Tuesday, 13 March 2012

A Few Thoughts On Self-Publishing And What It's Done For Me

Okay, so it's fair to say this blog is sorely neglected, but in the past few days Blood Guilt has passed a few landmarks that I think it's worth posting about. It's now been in the overall Amazon top 100 Kindle bestsellers chart for five months straight, climbing as high as number two and selling almost eighty thousand copies. Combined sales for all my available e-books stand at around ninety thousand. Ninety-nine percent of those sales have come since October 2011.

A number of people have asked me how I achieved this. The truth is, I'm not exactly sure. I've done very little promotion beyond putting the word out there on twitter and e-book forums, and approaching bloggers for reviews. Luckily for me, Blood Guilt was simply a good fit for the Kindle market. When an e-book starts selling on Amazon (especially an indie one), it's like catching a wave and riding it - there's not much you can do except wait and see how far it takes you.

I think what's struck me most about the Kindle market is that it's incredibly specific. The top 100 is stuffed full of crime and chick-lit. So logically the perfect fit for the market is a book that combines elements of those genres. A glance at the 'Also Bought' bar for Kerry Wilkinson's phenomenally successful Locked In bears this out. The book appeals to readers of both genres. Whereas Blood Guilt's audience primarily consists of readers of crime thrillers. Hence the fact that Locked In has sold twice as many copies. It's an obvious but crucial point to consider for any author looking to write a novel that specifically caters to e-book users.

So, apart from earning me a few quid, what's self-publishing actually done for me? For a start, it's brought me to the attention of people within the literary industry to whom I was previously invisible. I've been writing seriously for over ten years. In that time my short stories have been published in some of the UK’s best literary journals and anthologies, none of which stirred even the faintest bit of interest outside those publications’ readerships. Like many other hopeful writers, I’ve sent out dozens of query letters and sample chapters. Again, no takers. In recent weeks, I've been approached by agents and publishers.

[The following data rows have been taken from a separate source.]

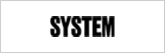 SYSTEM
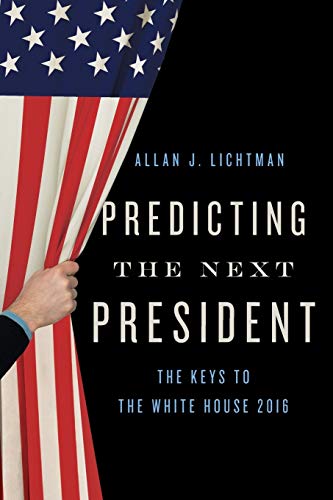 9781442269200: Predicting the Next President: The Keys to the White House, 2016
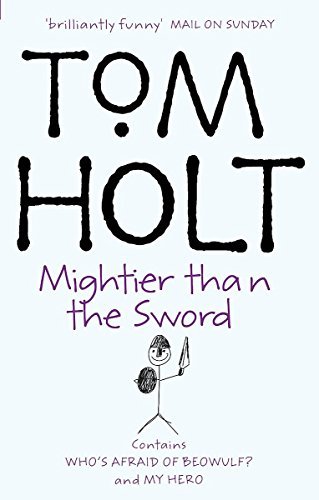 Mightier Than The Sword: Omnibus 2: My Hero, Who's Afraid of Beowulf? (Tom Holt Omnibus) by Tom Holt (2002-03-07)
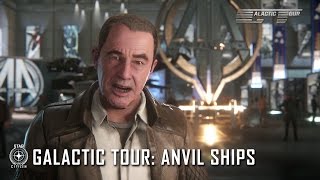 Star Citizen: Galactic Tour Anvil Ships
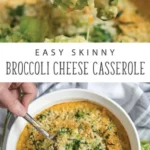 skinny broccoli cheese casserole the hungry wait 2026 08 07 195326 502x1024 1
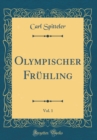 Image for Olympischer Fruhling, Vol. 1 (Classic Reprint)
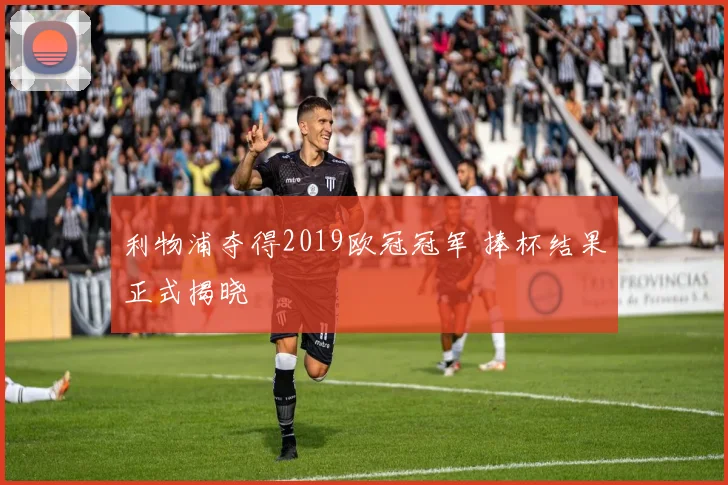 利物浦夺得2019欧冠冠军 捧杯结果正式揭晓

I’ve signed with an agent I hope to be working with for many years to come. And for the first time I’m contemplating the fragile possibility that at some point in the near future I might be able to make a living from my writing. I write first and foremost for the love of it. Always have done, always will do. But let’s face it, it would be nice to make some decent money at the same time.

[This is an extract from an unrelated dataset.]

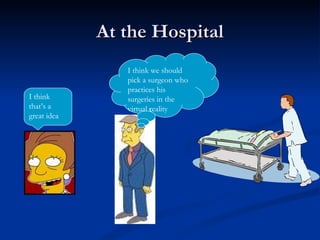 At the Hospital I think we should  pick a surgeon who practices his surgeries in the virtual reality I think that’s a great idea 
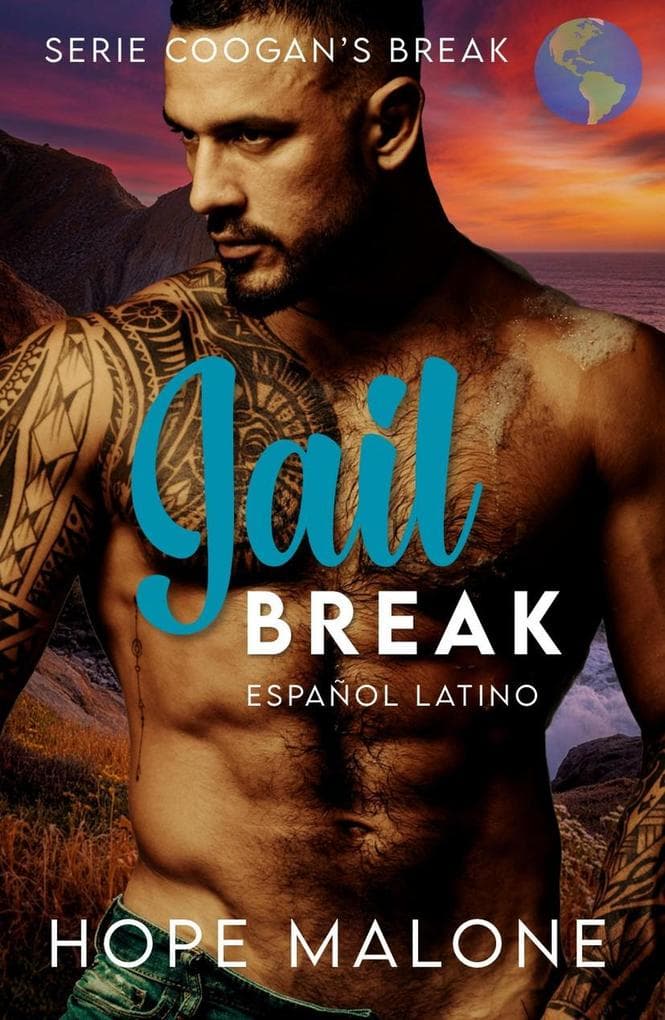 Jail Break : Español Latino (Serie Coogan's Break : Español Latino, #7)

Of course, none of this would have been possible without readers. I just want to say a huge thanks to everyone who’s bought Blood Guilt – especially those who’ve left some wonderful reviews on Amazon and Goodreads, and got in contact to let me know how much they enjoyed the book. It blows me away that so many people have been willing to part with their hard-earned cash for an unknown writer.

And for any writers thinking about self-publishing, I’d say go for it, you never know where it will take you.